> [Directions]: From the line containing "Curve Poly Gold" through the last line of the entries below, transcribe each line exactly, excluding any picture.

> [Recorded data]:
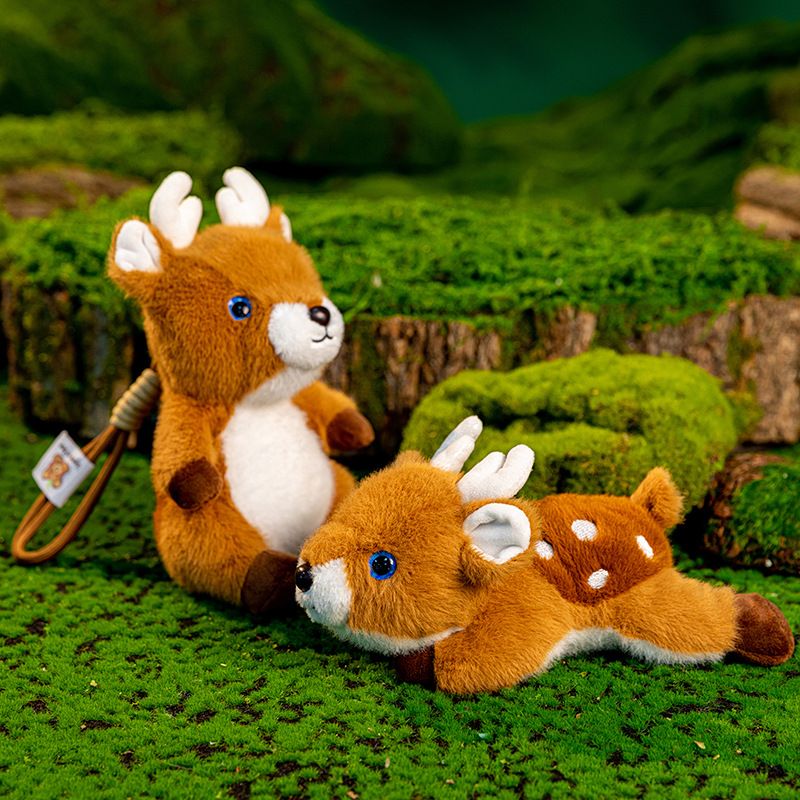 Wholesale of Sika deer plush toys, dolls, schoolbags, pendants, decorations, creative wrist pads, and Pappa Deer dolls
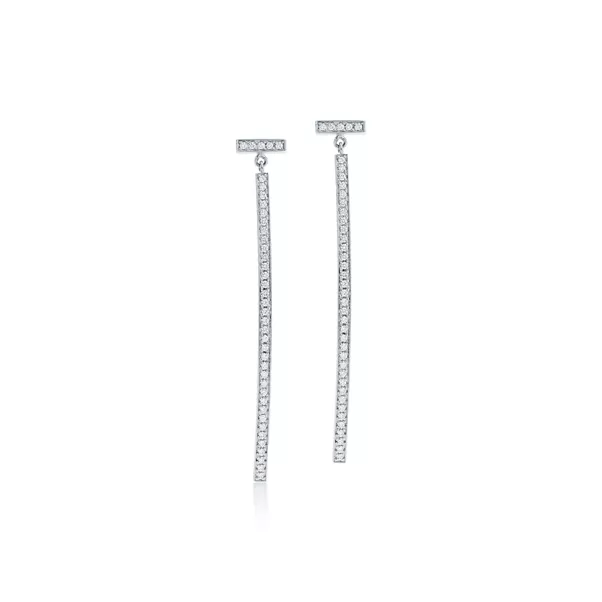 Diamond Bar Earrings in White Gold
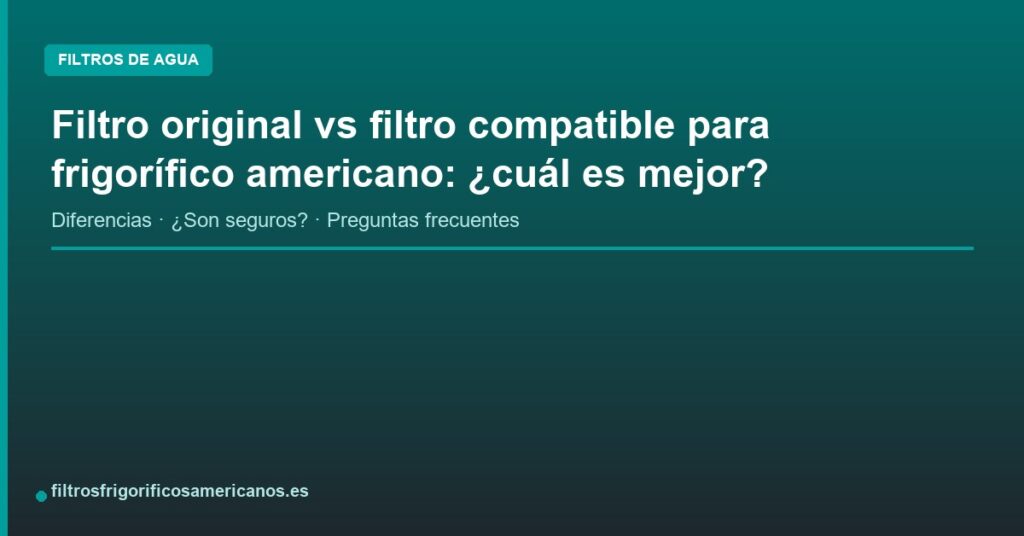 Filtro original vs filtro compatible para frigorífico americano: ¿cuál es mejor?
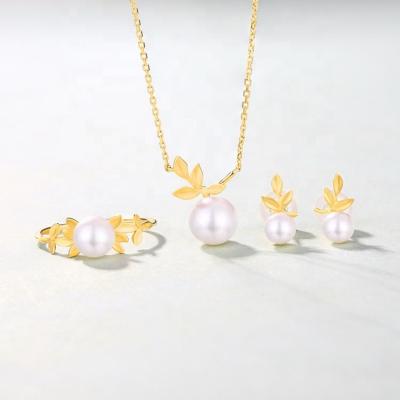 China Nickel Free New Design Women Gold Earrings Ring Necklace Jewelry Sets With Pearls for sale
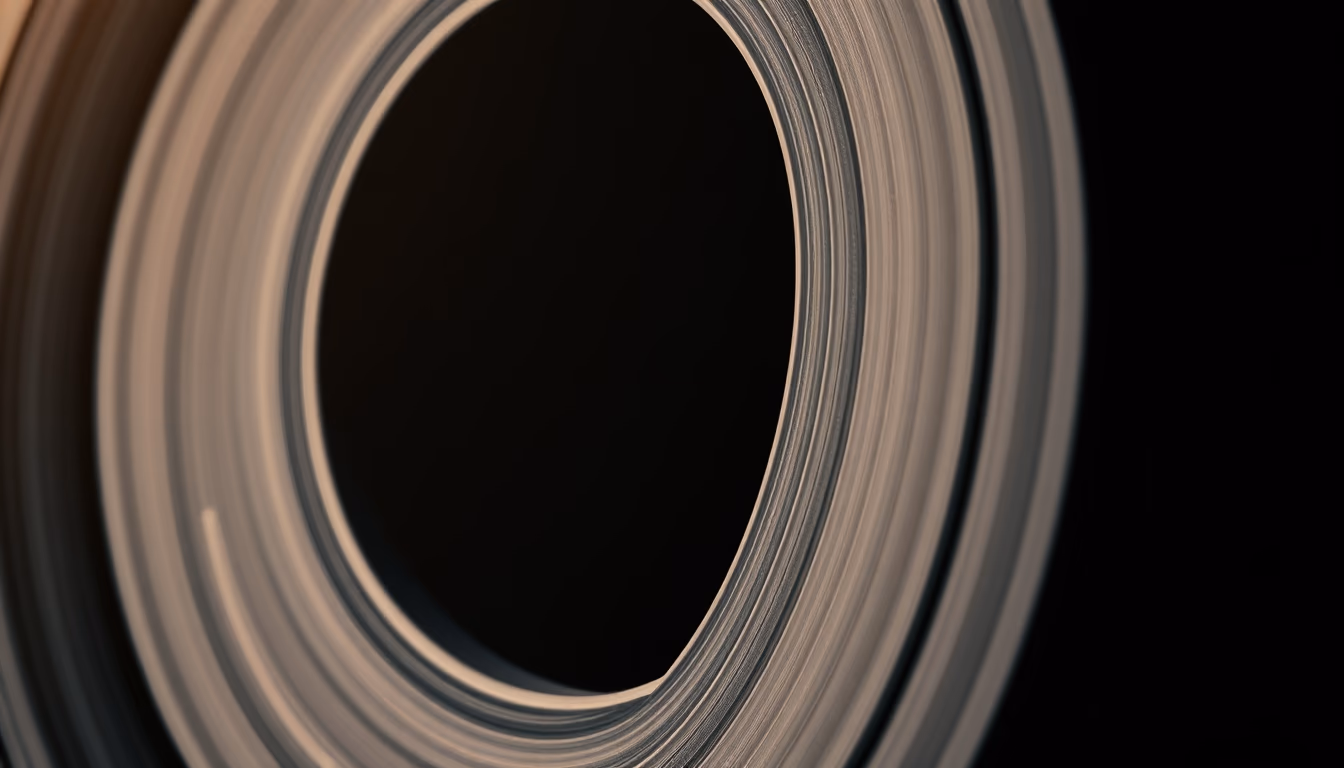 saturn rings detail closeup in editorial style
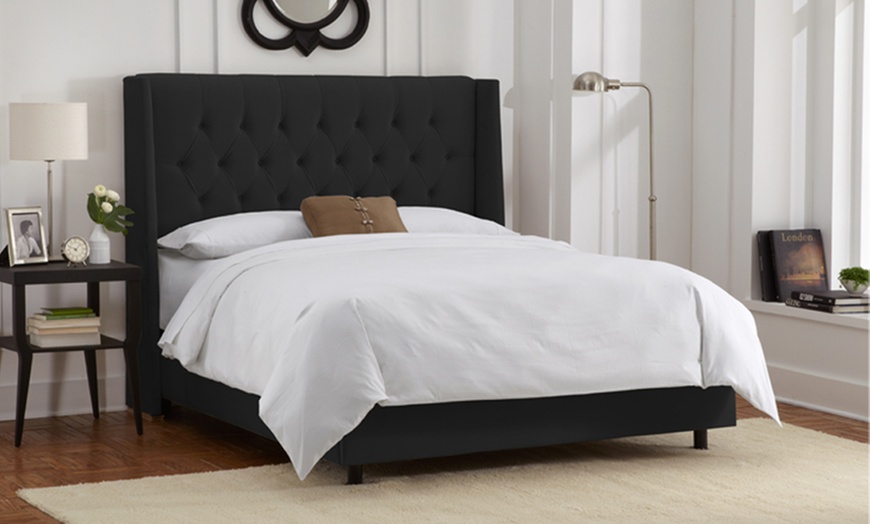 Diamond-Tufted Upholstered Bed | Groupon Goods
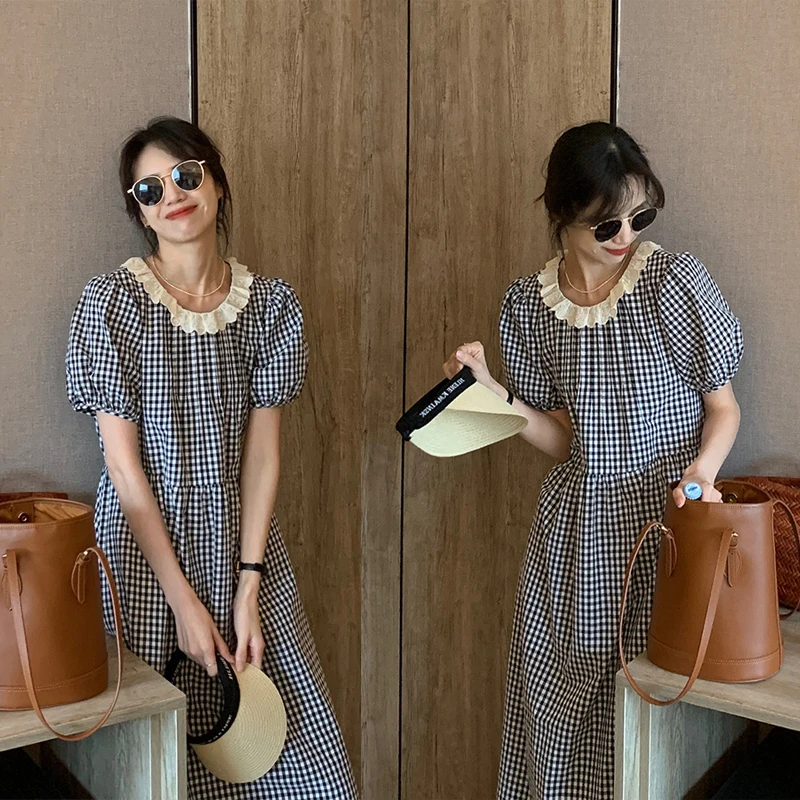 

Summer Short Sleeve Preppy Style Pregnant Women's Beach Dress Loose Lace Peter Pan Collar Black White Plaid Maternity Dress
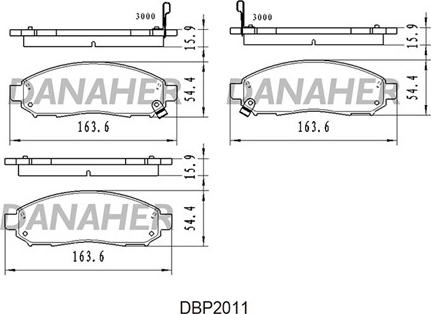 Danaher DBP2011 - Комплект спирачно феродо, дискови спирачки vvparts.bg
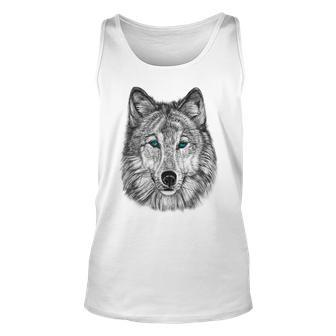 Fearless Eye Of The Wolf Face Print Black And White Graphic Gift For Women Unisex Tank Top - Thegiftio UK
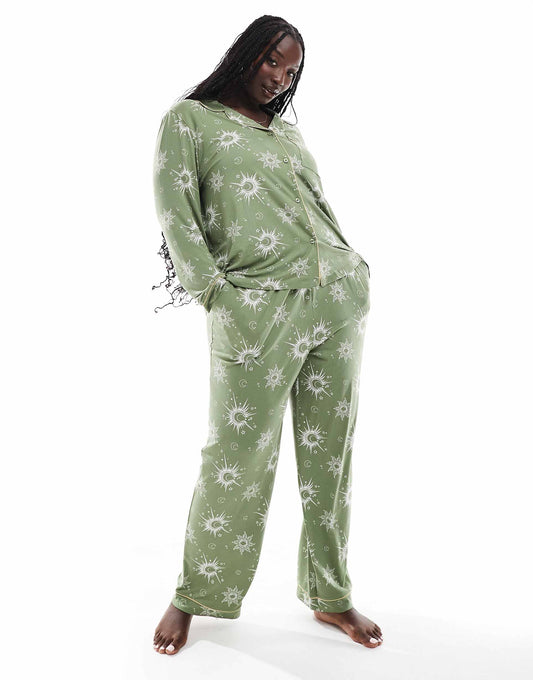Curve Poly Gold Celstial Print Long Sleeve Revere And Trouser Pyjama Set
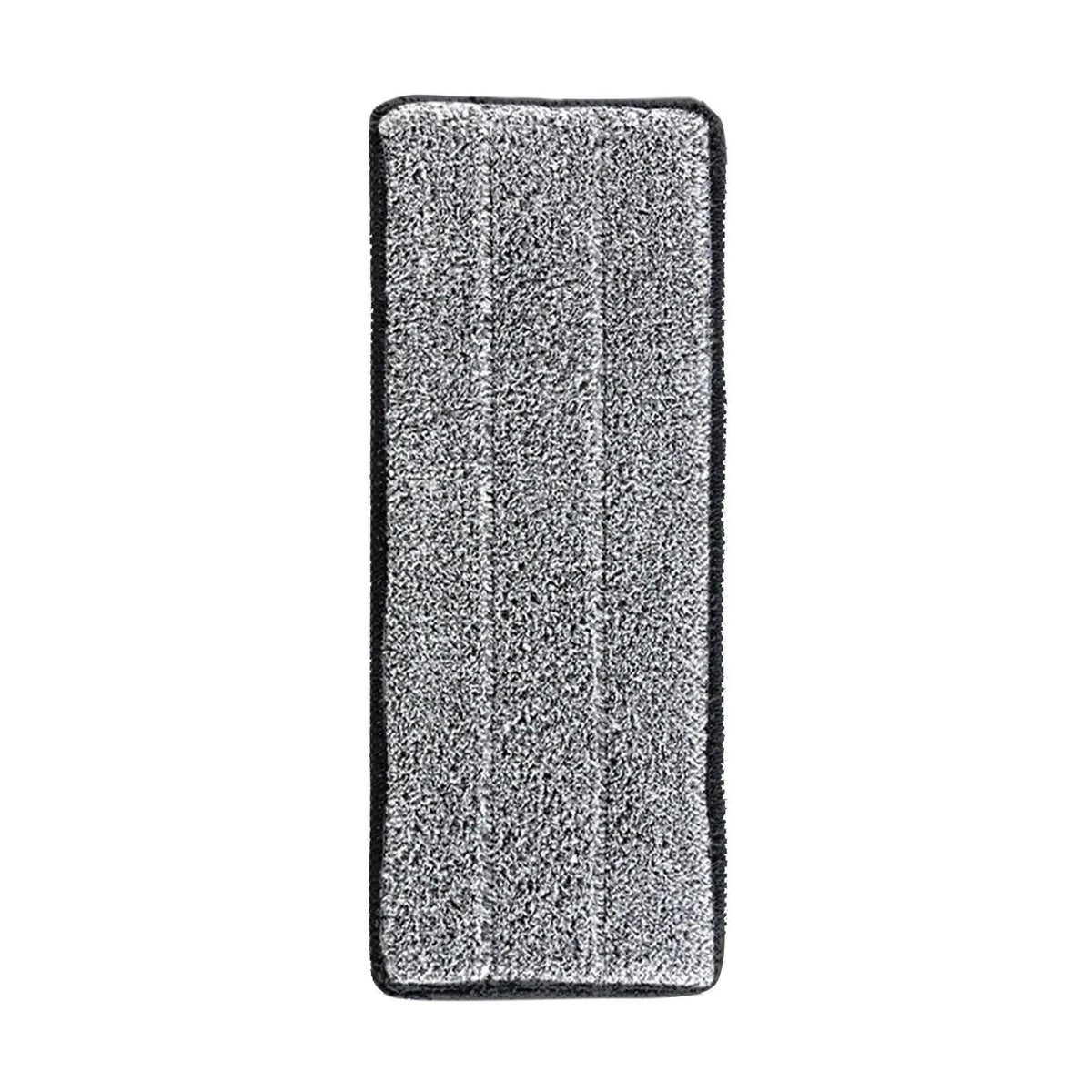 A rectangular black microfiber mop pad replacement head with a textured surface.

> [Response area]:
Curve Poly Gold Celstial Print Long Sleeve Revere And Trouser Pyjama Set
 A rectangular black microfiber mop pad replacement head with a textured surface.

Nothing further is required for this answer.